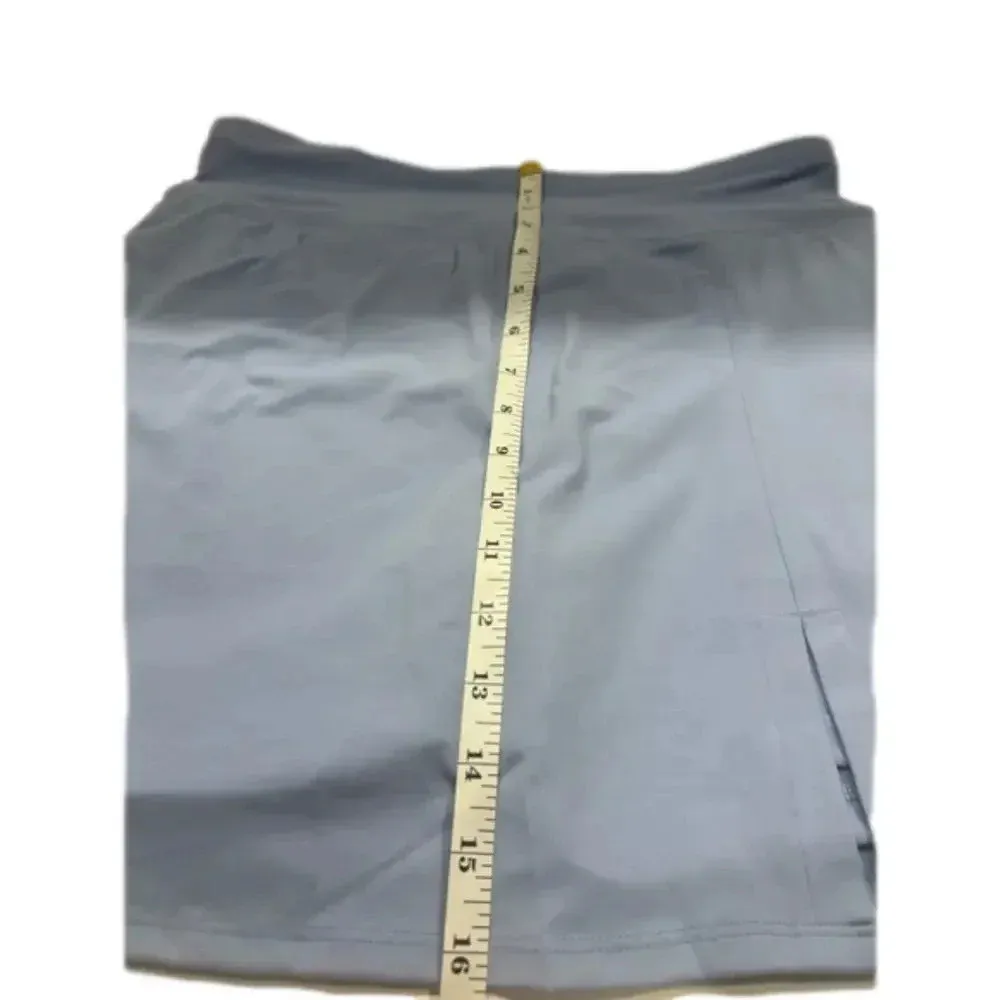 YOGALICIOUS Tennis Collection Nudetech Rib And Tonic Skort Women’s Size … - Image 9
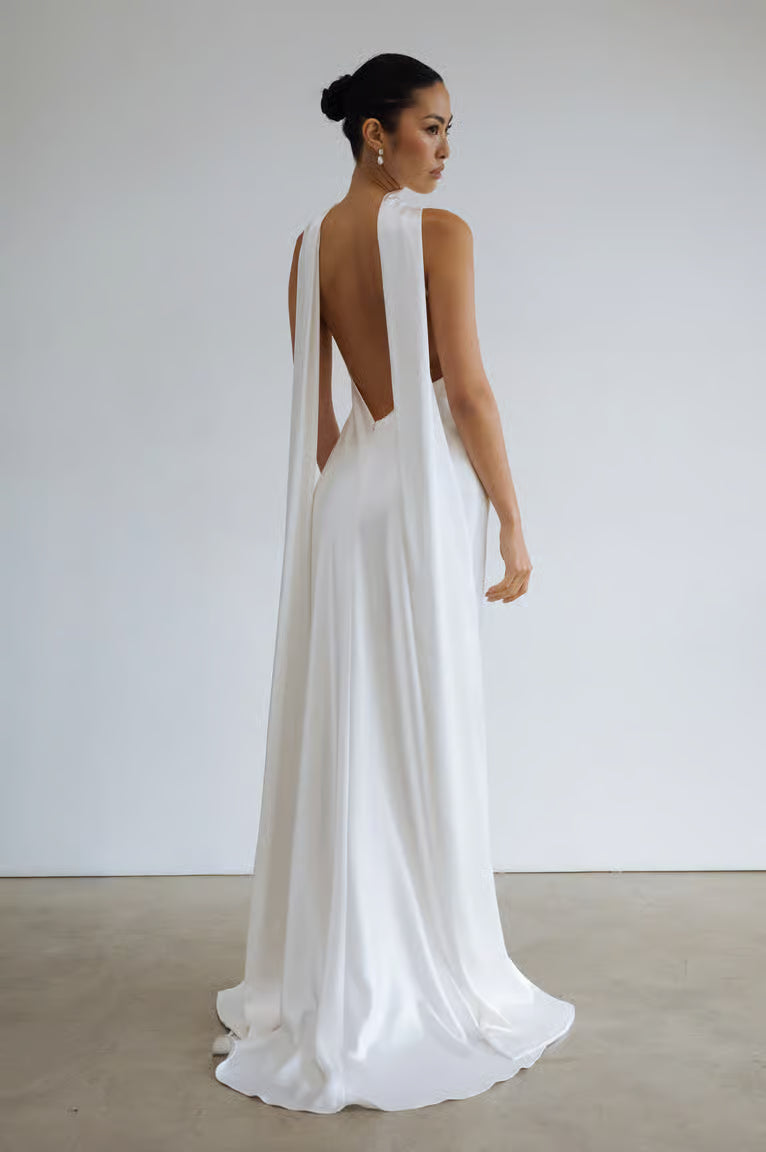 Grace - Little White Dress by Jenny Yoo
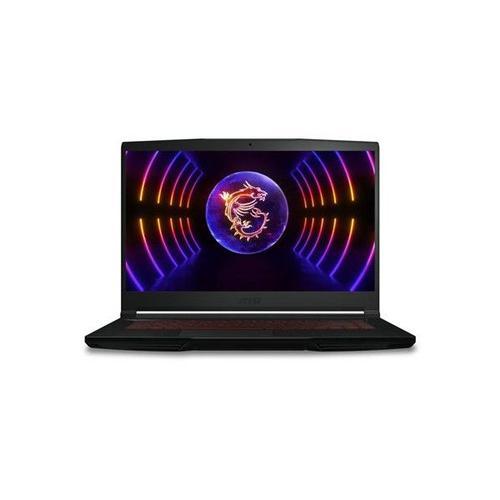 PC Portable Gaming MSI Thin GF63 12VE-016FR 15.6" Intel Core i5 16 Go RAM 512 Go SSD Nvidia RTX 4050 Noir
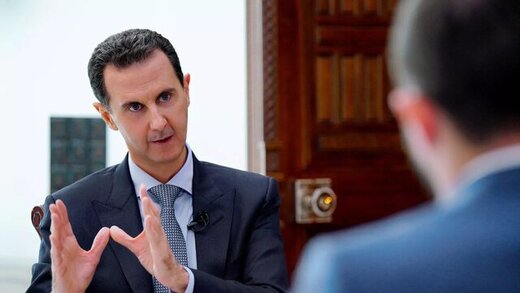 بیانیه ضد سوری آمریکا، فرانسه، آلمان و انگلیس همزمان با سفر اسد به روسیه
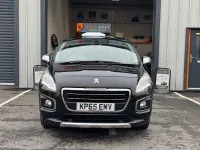 Used Peugeot 3008 Active 2015 Black Estate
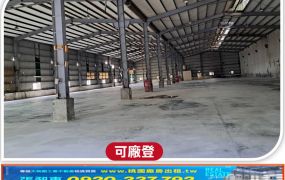 海湖工業區挑高合法廠房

━━━━

**ACTION ITEM:**
Could you write out, word for word, the lines from the one containing "بیانیه ضد سوری" through the last line of the records, leaving out the pictures?

**WORKED SOLUTION:**
 بیانیه ضد سوری آمریکا، فرانسه، آلمان و انگلیس همزمان با سفر اسد به روسیه
 Used Peugeot 3008 Active 2015 Black Estate
 海湖工業區挑高合法廠房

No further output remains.